Here are the rules of the game:
Face cards (Jack, Queen, King) have point value 10. Aces can either count as 11 or 1, and it’s called ‘usable’ at 11. This game is placed with an infinite deck (or with replacement). The game starts with each (player and dealer) having one face up and one face down card.
The player can request additional cards until they decide to stop or exceed 21 (bust). After the player sticks, the dealer reveals their facedown card, and draws until their sum is 17 or greater. If the dealer goes bust, the player wins. If neither player nor dealer busts, the outcome (win, lose, draw) is decided by whose sum is closer to 21.
The reward for winning is +1, drawing is 0, and losing is -1.
A reinforcement learning technique, Q-learning, will be used to solve this problem. A Q-table is built for all state-action pairs and after taking an action at the end of each round of the game, its corresponding entry in the Q-table is updated based on the reward received. The learning process is stopped when the agent has sufficiently explored the environment. At this point, we would have the optimized Q-table which is the strategy the agent has learned to play blackjack.
As there is a payout awarded at the end of each round of the game, it is the obvious choice as a performance metric. To compare the performance of different strategies, these strategies should be applied over a large number of rounds to get close to their true payouts. Hence, the average payout after 1000 rounds of the game repeated 1000 times will be used to compare the simulated performance of the average casino player and that of the trained agent.
The actions and corresponding payouts of the average casino player are simulated using the Open AI blackjack environment mentioned above. During the exploration phase, inputs from the environment are ignored and one of the valid actions is chosen at random.
It is found that, at the beginning of each round, the environment deals the player and the dealer two random cards each and makes available the values of the sum of the player’s hand, the dealer’s ‘up card’ and whether or not the player has a usable ace card (ace card usable means its value is 11 instead of 1 when not usable). This can be fed to an agent in the following format - (player’s hand value, dealer’s up card, usable_ace). An example value is (15, 5, False) which represents the state where the player has a hand with a value 15, the dealer’s up card is 5 and the player doesn’t have a usable ace.

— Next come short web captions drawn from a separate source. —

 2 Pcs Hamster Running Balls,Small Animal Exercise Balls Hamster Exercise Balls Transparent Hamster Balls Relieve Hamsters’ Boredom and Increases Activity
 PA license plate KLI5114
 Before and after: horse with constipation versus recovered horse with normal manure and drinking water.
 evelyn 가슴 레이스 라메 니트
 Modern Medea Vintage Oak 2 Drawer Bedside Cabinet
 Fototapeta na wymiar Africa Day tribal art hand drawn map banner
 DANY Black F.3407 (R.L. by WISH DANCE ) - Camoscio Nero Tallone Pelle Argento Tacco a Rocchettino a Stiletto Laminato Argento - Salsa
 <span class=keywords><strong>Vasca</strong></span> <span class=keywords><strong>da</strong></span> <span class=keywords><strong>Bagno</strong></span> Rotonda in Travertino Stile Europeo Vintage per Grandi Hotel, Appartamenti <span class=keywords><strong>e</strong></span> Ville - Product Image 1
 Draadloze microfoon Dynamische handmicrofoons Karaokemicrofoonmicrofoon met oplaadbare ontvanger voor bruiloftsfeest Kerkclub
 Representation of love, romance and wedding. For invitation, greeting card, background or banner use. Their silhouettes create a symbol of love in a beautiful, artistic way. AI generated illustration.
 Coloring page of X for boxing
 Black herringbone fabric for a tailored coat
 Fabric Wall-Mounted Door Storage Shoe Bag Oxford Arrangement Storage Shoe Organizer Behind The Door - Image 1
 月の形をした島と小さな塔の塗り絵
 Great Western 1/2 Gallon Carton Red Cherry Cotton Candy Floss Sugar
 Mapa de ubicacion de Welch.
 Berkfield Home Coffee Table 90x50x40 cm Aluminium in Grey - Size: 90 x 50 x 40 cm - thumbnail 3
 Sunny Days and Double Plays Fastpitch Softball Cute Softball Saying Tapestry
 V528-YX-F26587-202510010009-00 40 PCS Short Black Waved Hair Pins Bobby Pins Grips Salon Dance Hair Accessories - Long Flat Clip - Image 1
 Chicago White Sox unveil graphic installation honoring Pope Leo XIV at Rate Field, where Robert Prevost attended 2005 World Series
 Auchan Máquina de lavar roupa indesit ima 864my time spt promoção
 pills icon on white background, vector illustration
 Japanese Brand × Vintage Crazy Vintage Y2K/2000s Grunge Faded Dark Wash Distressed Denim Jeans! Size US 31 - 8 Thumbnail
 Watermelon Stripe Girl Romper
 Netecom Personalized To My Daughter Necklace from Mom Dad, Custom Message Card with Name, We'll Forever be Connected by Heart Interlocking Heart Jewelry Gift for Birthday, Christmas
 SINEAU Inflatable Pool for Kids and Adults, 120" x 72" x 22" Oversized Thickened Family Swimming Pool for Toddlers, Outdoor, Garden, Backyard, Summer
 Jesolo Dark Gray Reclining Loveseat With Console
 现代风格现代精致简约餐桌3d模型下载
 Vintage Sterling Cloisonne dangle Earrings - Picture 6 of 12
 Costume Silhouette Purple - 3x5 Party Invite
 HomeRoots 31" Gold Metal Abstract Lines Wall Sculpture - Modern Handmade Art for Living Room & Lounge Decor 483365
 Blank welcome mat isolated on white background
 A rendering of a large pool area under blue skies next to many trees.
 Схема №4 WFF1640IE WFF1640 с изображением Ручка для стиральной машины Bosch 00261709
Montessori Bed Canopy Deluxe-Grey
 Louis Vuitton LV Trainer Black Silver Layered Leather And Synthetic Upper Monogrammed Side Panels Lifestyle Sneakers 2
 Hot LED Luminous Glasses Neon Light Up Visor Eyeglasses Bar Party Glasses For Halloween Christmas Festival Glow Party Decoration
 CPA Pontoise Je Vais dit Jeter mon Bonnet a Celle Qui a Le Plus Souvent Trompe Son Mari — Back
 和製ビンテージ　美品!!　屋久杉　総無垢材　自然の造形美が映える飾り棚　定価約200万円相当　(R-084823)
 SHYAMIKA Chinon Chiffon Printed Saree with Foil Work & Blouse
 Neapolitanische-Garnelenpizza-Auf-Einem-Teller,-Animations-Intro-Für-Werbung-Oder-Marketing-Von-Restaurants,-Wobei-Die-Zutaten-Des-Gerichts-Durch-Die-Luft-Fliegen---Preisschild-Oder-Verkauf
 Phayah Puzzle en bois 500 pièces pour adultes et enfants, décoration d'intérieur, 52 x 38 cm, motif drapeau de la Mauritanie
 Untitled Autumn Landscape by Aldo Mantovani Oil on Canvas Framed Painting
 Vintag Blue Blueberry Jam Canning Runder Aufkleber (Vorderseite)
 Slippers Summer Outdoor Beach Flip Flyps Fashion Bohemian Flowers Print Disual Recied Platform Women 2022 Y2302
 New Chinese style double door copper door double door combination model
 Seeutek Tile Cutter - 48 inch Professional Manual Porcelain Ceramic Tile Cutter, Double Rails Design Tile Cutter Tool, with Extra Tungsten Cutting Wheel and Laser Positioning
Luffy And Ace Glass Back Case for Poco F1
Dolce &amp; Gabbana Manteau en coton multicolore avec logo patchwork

This format will be used to train the agent by providing these states as the input. When an action is chosen by the agent based on these inputs and passed on to the environment, it is carried out and the environment responds with the reward for that action along with state the environment ends up in and whether or not that particular round is complete. All inputs can be considered during the learning process when an agent is actually trained as there are no abnormalities in the inputs.
Over 1000 rounds of choosing hit or stick at random, the average payout was found to be around -400 as seen below.
Algorithms and Techniques
Decaying epsilon-greedy Q-learning will be used to solve this problem as the number of states is reasonably small.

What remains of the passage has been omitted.